Exercise: When you reach the line containing "Б/У Шкода Рапид 2017 года. Фото: #8" in the records below, start copying exactly, and stop once you have copied the line containing "Top Floor with".

Data to examine:

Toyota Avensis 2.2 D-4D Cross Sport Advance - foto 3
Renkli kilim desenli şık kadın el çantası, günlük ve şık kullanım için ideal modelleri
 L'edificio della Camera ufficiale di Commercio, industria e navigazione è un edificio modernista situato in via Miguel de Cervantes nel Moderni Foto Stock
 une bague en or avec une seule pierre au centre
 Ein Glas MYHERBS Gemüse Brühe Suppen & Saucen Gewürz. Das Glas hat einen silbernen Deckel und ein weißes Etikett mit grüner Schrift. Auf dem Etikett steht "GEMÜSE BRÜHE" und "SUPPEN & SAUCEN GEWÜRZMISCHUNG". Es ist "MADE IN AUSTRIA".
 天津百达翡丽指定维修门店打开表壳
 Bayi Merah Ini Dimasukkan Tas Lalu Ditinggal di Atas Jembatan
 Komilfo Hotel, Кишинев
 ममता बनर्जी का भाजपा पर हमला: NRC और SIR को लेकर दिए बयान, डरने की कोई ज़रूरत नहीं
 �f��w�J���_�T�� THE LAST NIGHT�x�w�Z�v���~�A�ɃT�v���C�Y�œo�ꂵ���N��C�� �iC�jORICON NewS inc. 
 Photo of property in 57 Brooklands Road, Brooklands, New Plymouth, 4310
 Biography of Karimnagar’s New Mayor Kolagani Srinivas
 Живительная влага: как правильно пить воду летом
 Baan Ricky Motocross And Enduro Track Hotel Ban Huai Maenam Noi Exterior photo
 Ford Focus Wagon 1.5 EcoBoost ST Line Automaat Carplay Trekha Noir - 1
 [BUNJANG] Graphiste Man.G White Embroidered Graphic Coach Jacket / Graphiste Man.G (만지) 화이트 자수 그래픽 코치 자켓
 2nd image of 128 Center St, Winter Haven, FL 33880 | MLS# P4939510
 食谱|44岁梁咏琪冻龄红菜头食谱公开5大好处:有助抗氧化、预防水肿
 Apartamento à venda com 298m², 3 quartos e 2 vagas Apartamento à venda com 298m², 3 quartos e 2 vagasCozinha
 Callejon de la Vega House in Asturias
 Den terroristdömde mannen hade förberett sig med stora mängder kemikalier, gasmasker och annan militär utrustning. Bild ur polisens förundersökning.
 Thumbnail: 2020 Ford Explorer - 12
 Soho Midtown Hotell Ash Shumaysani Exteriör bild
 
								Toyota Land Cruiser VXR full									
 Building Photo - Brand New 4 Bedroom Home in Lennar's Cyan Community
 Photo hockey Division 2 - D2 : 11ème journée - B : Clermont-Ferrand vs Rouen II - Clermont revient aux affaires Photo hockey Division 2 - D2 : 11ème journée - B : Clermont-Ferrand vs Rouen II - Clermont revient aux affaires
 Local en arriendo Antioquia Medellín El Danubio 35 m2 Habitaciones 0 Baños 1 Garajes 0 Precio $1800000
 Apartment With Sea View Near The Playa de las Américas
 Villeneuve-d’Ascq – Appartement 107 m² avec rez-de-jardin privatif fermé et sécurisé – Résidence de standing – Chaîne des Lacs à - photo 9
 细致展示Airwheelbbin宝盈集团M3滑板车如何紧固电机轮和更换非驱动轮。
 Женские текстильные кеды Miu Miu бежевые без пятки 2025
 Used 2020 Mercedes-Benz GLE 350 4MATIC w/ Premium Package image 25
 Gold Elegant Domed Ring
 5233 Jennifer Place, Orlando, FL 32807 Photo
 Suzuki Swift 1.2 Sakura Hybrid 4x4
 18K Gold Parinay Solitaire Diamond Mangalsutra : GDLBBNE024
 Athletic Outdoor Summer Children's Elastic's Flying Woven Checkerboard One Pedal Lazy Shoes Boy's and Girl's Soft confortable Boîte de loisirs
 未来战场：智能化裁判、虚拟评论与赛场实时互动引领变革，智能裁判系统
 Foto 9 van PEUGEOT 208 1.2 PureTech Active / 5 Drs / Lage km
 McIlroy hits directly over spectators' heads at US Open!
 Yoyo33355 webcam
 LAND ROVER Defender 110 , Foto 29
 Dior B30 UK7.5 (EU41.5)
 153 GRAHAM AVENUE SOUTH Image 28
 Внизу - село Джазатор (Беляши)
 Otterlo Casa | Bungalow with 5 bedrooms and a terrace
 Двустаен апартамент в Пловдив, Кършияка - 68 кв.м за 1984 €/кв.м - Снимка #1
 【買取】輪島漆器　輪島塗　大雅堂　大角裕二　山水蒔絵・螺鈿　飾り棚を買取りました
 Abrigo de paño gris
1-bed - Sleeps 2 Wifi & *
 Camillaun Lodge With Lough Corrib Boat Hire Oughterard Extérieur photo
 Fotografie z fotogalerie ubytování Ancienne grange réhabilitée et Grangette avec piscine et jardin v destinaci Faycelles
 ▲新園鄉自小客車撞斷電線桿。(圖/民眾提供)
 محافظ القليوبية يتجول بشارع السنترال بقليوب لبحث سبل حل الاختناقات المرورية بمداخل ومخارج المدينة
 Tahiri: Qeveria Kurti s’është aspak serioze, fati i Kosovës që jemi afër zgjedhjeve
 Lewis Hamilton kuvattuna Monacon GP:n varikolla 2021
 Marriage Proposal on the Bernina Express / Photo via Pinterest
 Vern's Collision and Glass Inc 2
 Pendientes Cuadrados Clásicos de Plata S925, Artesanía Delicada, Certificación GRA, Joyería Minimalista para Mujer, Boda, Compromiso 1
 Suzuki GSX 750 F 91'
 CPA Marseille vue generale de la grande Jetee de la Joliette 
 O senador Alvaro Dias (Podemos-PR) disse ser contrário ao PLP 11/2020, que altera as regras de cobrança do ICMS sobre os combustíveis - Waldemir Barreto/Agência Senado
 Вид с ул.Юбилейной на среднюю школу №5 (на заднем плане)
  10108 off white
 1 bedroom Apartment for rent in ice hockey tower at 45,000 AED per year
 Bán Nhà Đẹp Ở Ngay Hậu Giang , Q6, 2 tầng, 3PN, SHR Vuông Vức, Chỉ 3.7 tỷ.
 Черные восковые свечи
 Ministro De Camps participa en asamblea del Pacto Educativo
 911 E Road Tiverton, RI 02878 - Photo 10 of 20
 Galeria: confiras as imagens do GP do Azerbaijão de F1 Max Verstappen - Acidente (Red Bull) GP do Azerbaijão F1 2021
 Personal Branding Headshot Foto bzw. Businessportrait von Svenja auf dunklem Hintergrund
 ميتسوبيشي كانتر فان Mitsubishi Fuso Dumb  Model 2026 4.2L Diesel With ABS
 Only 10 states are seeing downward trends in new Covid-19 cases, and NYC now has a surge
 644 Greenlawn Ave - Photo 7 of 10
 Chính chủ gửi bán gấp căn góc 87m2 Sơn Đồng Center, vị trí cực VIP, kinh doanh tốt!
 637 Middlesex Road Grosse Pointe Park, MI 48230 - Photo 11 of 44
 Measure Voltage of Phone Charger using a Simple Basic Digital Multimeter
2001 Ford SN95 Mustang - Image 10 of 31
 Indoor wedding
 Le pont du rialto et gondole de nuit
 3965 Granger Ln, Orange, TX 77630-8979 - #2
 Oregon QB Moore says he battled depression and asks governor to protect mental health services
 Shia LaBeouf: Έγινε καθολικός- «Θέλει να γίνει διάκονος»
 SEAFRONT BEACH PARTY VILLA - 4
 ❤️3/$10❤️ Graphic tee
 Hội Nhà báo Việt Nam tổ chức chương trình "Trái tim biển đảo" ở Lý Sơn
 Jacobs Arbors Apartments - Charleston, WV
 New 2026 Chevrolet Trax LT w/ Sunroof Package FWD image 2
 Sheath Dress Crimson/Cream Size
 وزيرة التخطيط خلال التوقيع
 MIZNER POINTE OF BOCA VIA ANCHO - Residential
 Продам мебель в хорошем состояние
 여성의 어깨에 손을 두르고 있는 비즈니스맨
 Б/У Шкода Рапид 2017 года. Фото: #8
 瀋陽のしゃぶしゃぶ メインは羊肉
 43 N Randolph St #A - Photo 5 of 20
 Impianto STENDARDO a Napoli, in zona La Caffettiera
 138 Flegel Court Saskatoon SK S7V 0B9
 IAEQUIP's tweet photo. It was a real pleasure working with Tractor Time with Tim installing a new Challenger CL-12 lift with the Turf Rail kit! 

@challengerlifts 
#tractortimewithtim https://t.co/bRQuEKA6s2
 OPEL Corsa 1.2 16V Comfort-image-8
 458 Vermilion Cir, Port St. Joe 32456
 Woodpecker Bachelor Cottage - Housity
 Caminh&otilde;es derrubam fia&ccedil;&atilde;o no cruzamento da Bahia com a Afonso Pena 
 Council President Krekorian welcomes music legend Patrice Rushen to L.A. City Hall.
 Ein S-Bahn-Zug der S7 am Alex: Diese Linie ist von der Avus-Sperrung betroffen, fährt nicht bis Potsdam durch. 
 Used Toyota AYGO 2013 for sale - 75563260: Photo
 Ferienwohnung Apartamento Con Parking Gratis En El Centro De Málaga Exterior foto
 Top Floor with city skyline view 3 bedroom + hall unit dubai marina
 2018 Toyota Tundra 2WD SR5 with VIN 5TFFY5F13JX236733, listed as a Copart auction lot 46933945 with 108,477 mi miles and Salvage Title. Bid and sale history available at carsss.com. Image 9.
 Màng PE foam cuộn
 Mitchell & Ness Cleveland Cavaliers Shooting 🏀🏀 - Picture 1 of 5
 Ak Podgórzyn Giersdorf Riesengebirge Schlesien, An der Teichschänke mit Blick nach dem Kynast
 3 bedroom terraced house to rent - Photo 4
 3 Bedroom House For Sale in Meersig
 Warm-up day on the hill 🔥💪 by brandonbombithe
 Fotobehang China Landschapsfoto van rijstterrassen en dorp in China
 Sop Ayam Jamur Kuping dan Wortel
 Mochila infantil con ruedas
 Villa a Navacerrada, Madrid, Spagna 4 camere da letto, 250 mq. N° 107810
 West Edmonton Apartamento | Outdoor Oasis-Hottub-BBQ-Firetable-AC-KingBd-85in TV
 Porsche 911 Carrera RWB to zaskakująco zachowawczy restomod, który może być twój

Answer space:
 Б/У Шкода Рапид 2017 года. Фото: #8
 瀋陽のしゃぶしゃぶ メインは羊肉
 43 N Randolph St #A - Photo 5 of 20
 Impianto STENDARDO a Napoli, in zona La Caffettiera
 138 Flegel Court Saskatoon SK S7V 0B9
 IAEQUIP's tweet photo. It was a real pleasure working with Tractor Time with Tim installing a new Challenger CL-12 lift with the Turf Rail kit! 

@challengerlifts 
#tractortimewithtim https://t.co/bRQuEKA6s2
 OPEL Corsa 1.2 16V Comfort-image-8
 458 Vermilion Cir, Port St. Joe 32456
 Woodpecker Bachelor Cottage - Housity
 Caminh&otilde;es derrubam fia&ccedil;&atilde;o no cruzamento da Bahia com a Afonso Pena 
 Council President Krekorian welcomes music legend Patrice Rushen to L.A. City Hall.
 Ein S-Bahn-Zug der S7 am Alex: Diese Linie ist von der Avus-Sperrung betroffen, fährt nicht bis Potsdam durch. 
 Used Toyota AYGO 2013 for sale - 75563260: Photo
 Ferienwohnung Apartamento Con Parking Gratis En El Centro De Málaga Exterior foto
 Top Floor with city skyline view 3 bedroom + hall unit dubai marina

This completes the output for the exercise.